The Making of Global Capitalism deserves a wide audience, but there are important aspects of neoliberalism that its theory leaves out.
Once upon a time, international political economy (as it is studied by American international relations professors) and international political economy (as it is studied by Marxists and marxisants) knew each other well. The realist Robert Gilpin, whose book on international political economy is still assigned in PhD seminars, disagreed with Marxism, but took it for granted that it was one of the major approaches in the field. Admittedly, studying the international economy through the lens of politics, as both Marxist and non-Marxist international political economists wanted to do, was seen by some as faintly subversive.
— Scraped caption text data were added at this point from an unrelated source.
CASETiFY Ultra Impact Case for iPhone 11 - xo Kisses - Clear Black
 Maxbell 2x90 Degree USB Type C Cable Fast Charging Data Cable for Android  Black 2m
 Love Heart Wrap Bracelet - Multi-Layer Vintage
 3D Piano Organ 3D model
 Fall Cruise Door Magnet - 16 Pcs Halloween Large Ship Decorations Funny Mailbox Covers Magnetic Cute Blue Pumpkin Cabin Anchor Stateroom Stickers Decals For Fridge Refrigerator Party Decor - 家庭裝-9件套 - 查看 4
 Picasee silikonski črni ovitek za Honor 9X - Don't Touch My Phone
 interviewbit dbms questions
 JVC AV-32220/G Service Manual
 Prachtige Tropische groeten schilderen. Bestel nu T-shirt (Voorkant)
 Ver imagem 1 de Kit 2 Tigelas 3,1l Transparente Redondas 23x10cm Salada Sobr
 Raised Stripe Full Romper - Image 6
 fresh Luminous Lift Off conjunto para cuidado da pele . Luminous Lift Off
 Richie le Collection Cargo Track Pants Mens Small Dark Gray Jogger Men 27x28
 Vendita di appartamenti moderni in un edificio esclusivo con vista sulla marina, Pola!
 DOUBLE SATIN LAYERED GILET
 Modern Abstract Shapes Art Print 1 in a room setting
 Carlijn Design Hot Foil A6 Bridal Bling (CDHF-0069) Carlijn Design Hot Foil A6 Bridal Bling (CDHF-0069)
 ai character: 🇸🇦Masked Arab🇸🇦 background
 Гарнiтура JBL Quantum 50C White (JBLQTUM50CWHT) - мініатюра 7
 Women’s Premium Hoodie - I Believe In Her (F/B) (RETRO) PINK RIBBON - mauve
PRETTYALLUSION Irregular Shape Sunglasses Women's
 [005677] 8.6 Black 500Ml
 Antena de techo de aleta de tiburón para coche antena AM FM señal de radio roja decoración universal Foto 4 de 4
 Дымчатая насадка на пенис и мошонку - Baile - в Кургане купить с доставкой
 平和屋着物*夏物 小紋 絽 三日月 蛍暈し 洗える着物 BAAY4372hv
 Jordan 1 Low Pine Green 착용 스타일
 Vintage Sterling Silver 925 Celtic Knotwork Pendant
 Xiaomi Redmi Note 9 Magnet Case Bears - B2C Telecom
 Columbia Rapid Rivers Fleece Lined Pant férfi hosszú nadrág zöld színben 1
Peter Gourevitch’s famous (among international relations scholars) article on how international forces shaped domestic economies was not notably ideological, but was nonetheless rejected as “Marxist claptrap” by one of the leading journals in the field.
Now, the American school of international political economy is highly respectable, and (not coincidentally) dull and middle-aged. No-one in their right mind would accuse the modal article in International Organization (the leading journal in the field of international political economy today) of being dangerously radical. Then again, no-one who was not already a specialist academic would be likely to pick it up in the first place. The mainstream of American international political economy has cast off both its more radical connections and its ambitions to speak to larger debates. Marxists and radicals continue to work on international political economy, but they are largely ignored by the dominant figures in the field.
This is a pity — as Panitch and Gindin’s book shows, there’s a lot that they could learn. And if most standard issue international political economy scholars don’t know much about Marxists, the opposite is not necessarily true. Panitch and Gindin not only know the debates among radicals, but have read very widely across the field of IPE, engaging with (and often usefully repurposing) the ideas and empirical material that they find useful.
I learned a lot from their book, and will be assigning it to my students. Still, I think there’s room for useful argument. To be clear, Panitch and Gindin are clearly far better read in the debates that I follow than I am in the debates that they follow. This means that some (and perhaps most) of the disagreement below is of the ‘why didn’t you write the book that I would have written if I were you’ variety, so discount it as you think appropriate. I’m almost certainly not the audience they imagined that they were writing the book for. Yet their account of the entanglement between American imperium and neo-liberalism conceals as well as reveals. There are some causal relations — arguably quite important ones — that are invisible to it.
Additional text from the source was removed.